He then posed a deeper question: if biological life itself emerges from arrangements of atoms and molecules, can numbers and code -which underlie AI -ever acquire something analogous to consciousness? If so, IP law may eventually have to confront whether it can continue to treat AI simply as a tool, or whether concepts like authorship, infringement and moral rights need to be revisited in light of these developments.

In his closing remarks, Mr Anand observed that any future doctrinal evolution must be grounded in a realistic understanding of AI’s capabilities, rather than in either uncritical optimism or blanket scepticism.

Dr. Vivek Mittal: Corporate governance, prompts and practical risk management

Ms. Sukumar then invited Dr. Vivek Mittal to share how companies operationally manage AI-generated content.

Dr. Mittal highlighted several practical themes:

  • Shift from agencies to tools: Where companies once relied on external creative agencies for advertising, branding and content, they are increasingly turning to AI tools. The focus, he remarked, is less on how the engine works and more on whether the output is legally safe. If an output is demonstrably non-infringing and responsibly vetted, in-house teams tend to be comfortable using it.

  • Tool selection and training data: Many organisations, he explained, now ask whether AI models are trained on their own data, publicly available neutral data, or potentially on competitors’ confidential material. Internal policy debates therefore revolve around which tools may be used, for what purposes, and under what governance controls.

  • Explosion of digital assets: Dr. Mittal noted that digital creatives which might once have cost 10,000 USD to produce can now be generated at a fraction of that amount, leading to an exponential increase in the number of assets generated for campaigns. This, he stressed, creates new compliance burdens: “If you are not checking whether the output infringes, you are not being responsible.”

  • Prompts as potential “secret formulas”: He posed a thought-provoking question on whether carefully engineered prompts might themselves deserve protection, since a unique prompt can drive a characteristic output. From a corporate vantage point, he suggested, protecting prompts from being copied may be as critical as protecting the outputs themselves, likening them to a “Coke-style secret recipe”.

He also referred to broader ethical and sectoral concerns such as whether consumers and regulators would accept a life-saving drug where AI played a major role in discovery and emphasised that many companies are gravitating towards a cautious internal principle:

“AI tools should primarily be used for productivity, not to replace human creativity and control”.

Justice Amit Bansal: AI, personality rights and digital dignity

Finally, Ms.
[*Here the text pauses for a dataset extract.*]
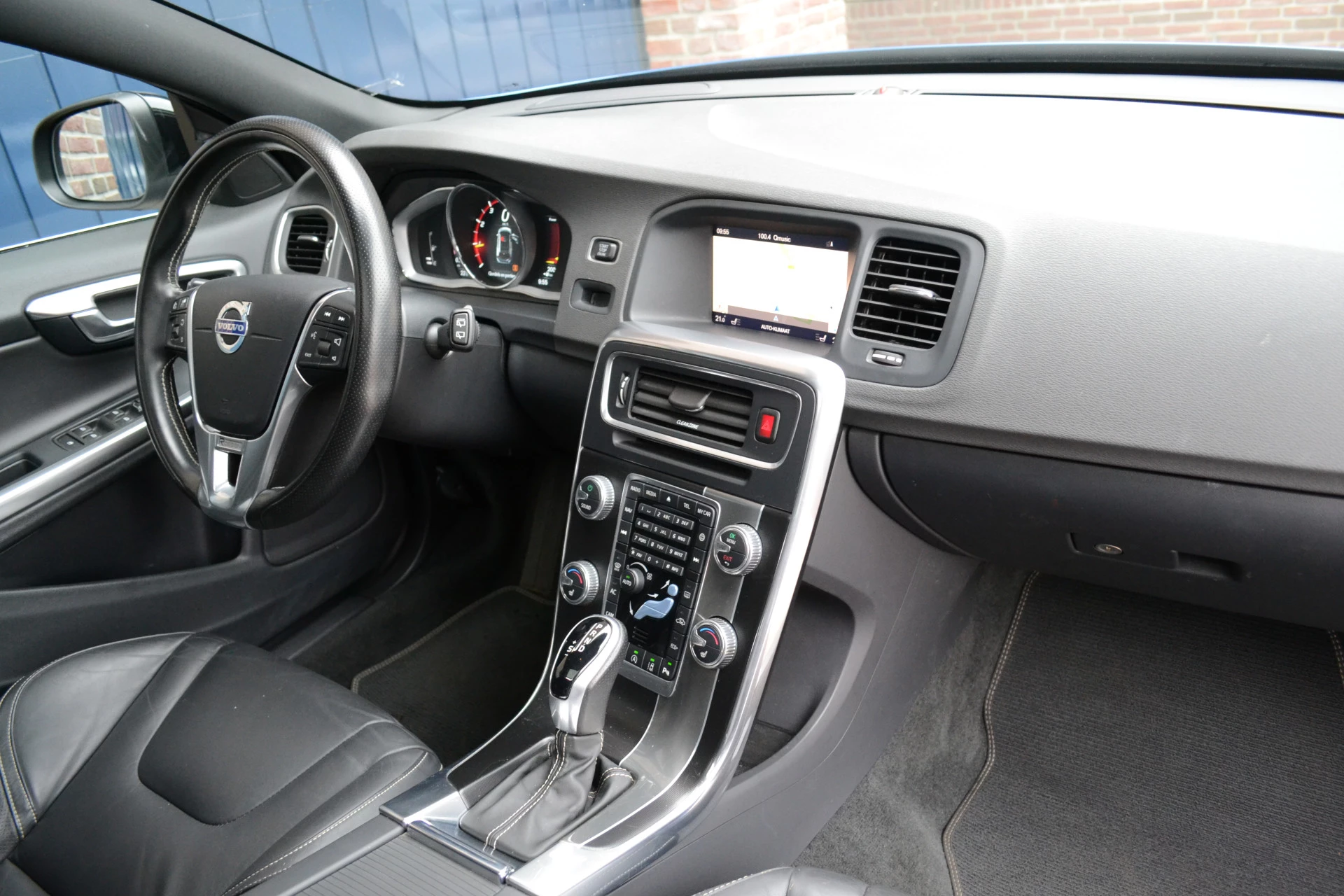 Hoofdafbeelding Volvo V60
Sukumar invited Justice Amit Bansal, sitting Judge, Delhi High Court, to speak on AI and personality rights. Justice Bansal described personality rights as a “complex navigation of the intersection of identity, technology and law”. He observed that although there is no dedicated Indian statute on personality rights, the number of cases has “multiplied” in recent years, and courts are increasingly called upon to balance innovation against infringement.

He structured his presentation in three parts:

1. Facets of personality rights

Justice Bansal identified four principal facets:

  • Privacy: the “right of being left alone”, concerned with preventing unwanted intrusion rather than securing revenue.

  • Commercial exploitation: protection against “theft of personality”, where the goodwill and reputation carefully built by a celebrity are used without consent to sell products or services.

  • Control over persona: an individual’s right to decide how they are projected -including voice, walk, expressions and catchphrases -and to prevent unauthorised imitation of these elements.

  • Defamation and wrongful association: instances where a personality is linked with an activity or product they do not endorse, causing serious reputational harm, illustrated by a case where a leading cricketer’s name and image were used to promote a gaming application without authorisation.

He distinguished between “pure” personality rights (such as name, voice and signature) and “hybrid” rights that evolve over time, like iconic film dialogues or character traits which become inseparably associated with an actor.

2. Jurisprudential basis in India

Moving to the second part, he traced how Indian courts have progressively recognised personality rights through common law doctrines

  • He also briefly contrasted approaches in the United States (where personality rights can be inheritable and assignable) and the United Kingdom (where protection flows largely from passing off and breach of confidence), noting that Indian courts have increasingly focused on the commercial value of celebrity persona.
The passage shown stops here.